Он выбросил кости и передвинул шашку.

–  Помните, – проговорил   мрачно  Сахиб  Джелял,  подбросив на ладони кости, – садовник, посадивший терновник,– не соберет винограда.

Лицо Алимхана исказилось. Все признаки говорили, что еще немного, и эмиром завладеет приступ гнева.

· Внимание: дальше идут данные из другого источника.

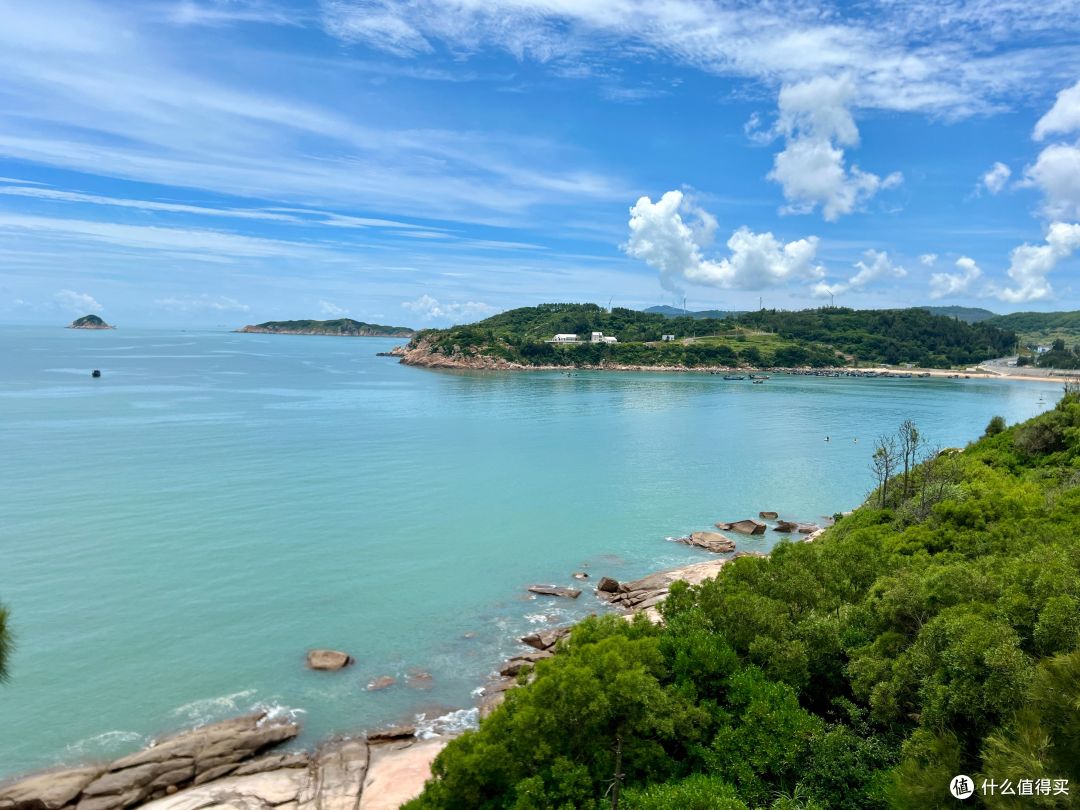 暑期小众人少旅行推荐|两天两晚福建福鼎、霞浦赶海+逛吃全攻略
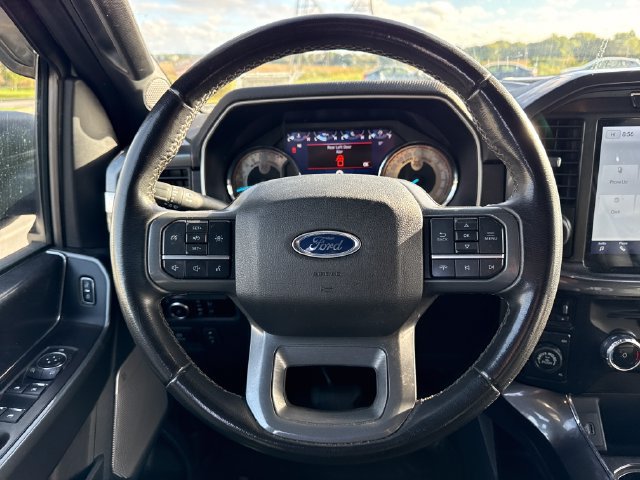 Used 2023 Ford F150 XLT w/ Equipment Group 302A High AWD/4WD image 22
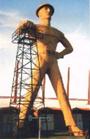 Tulsa Golden Driller profile picture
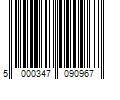 Barcode Image for UPC code 5000347090967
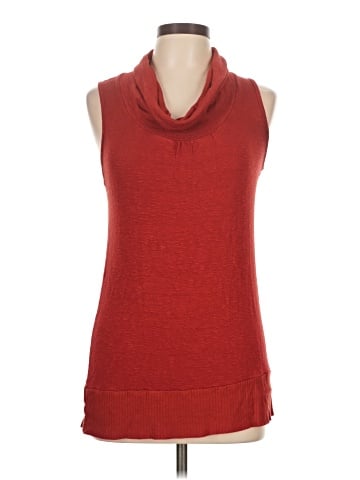 Twenty One Sleeveless T-Shirt (view 1)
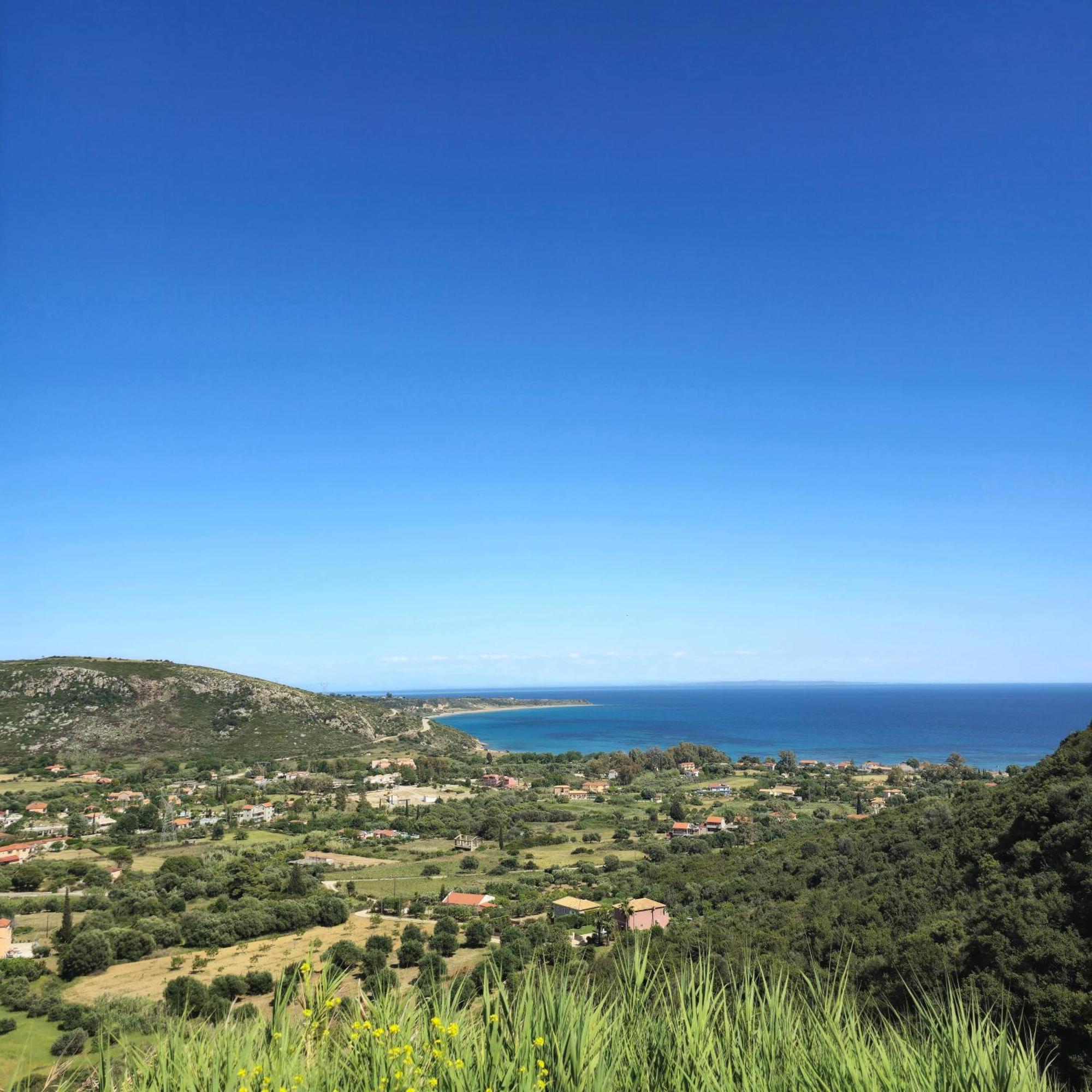 Okeanis Apartments & Suites Adults Only Kateleios Dış mekan fotoğraf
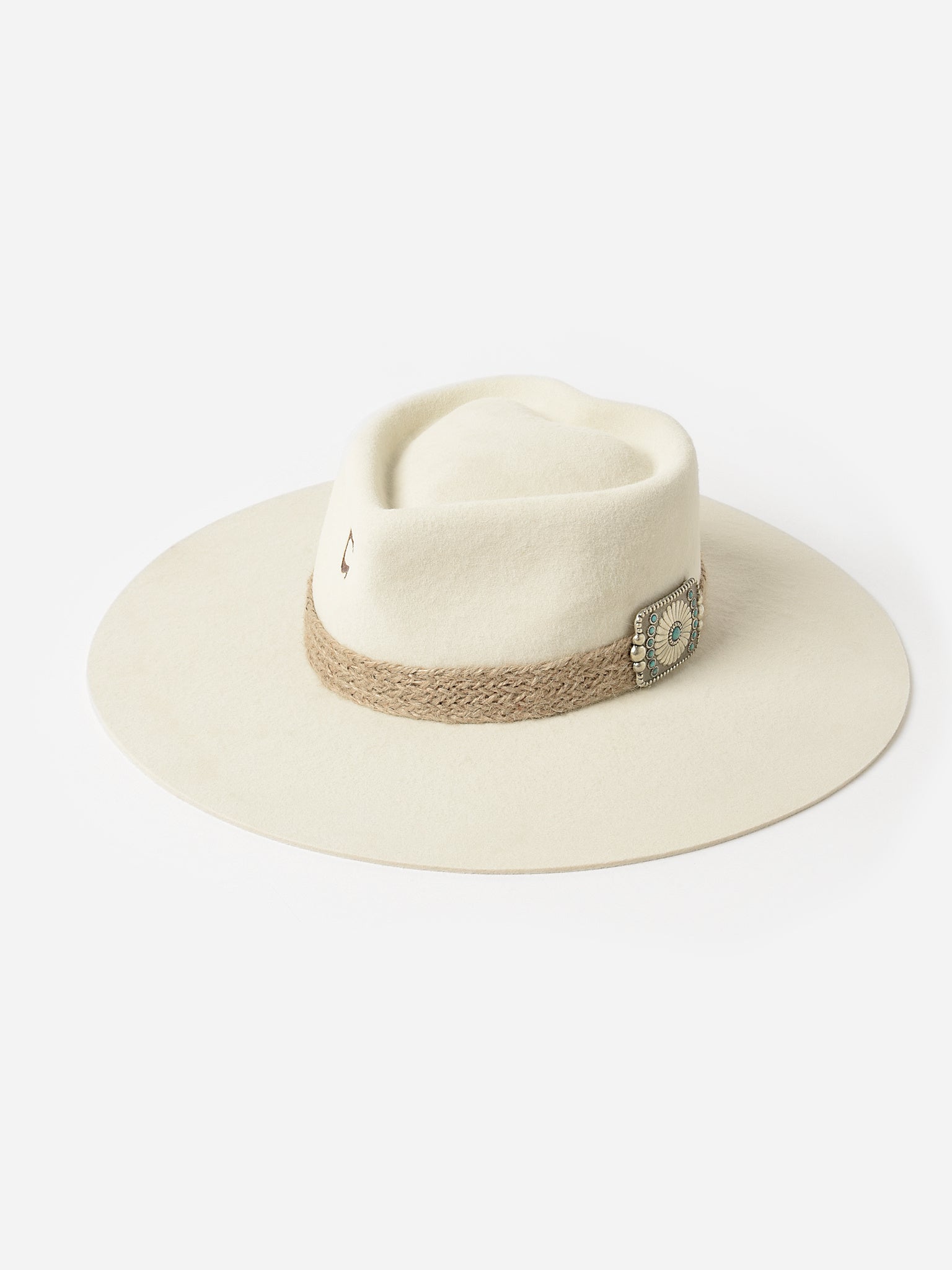 Charlie 1 Horse Women's Fling Hat - Saint Bernard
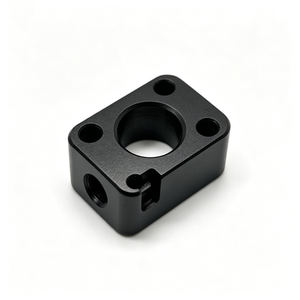 Perfil de Aluminio de Precisión TECH-KING con Mecanizado CNC, Electroerosión por Hilo y Perforación para Aplicaciones Industriales - Product Image 1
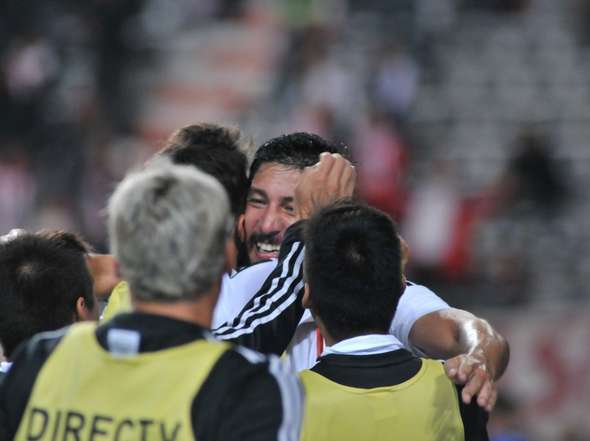 Estudiantes también se subió a la punta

Но Сахибу Джелялу не оставалось другого выхода. Высокое дерево буря сильнее раскачивает. Шаш-беш! Или – или! Кости лягут счастливо, и он выиграет, или... просчет. В игре ставка – голова в хурджуне с кровью. Сахиб предпочел бы партию в шахматы, но эмир ленив мыслью. Он отдает предпочтение игре в нарды, здесь больше случайностей судьбы.

А ну, что покажут игральные кости. Ведь в игре «шаш-беш» остаются лазейки для острого ума, чего не хватало затуманенному злобой мозгу Сеида Алимхана. Кровь прилила к голове и мешала ему соображать, перед глазами встала пелена, стучало в висках, что-то душило. Смутно метались обрывки мыслей: «А он неспроста... Сахиб Джелял! Он не посмел бы так просто... За ним сила... Он – сама хитрость».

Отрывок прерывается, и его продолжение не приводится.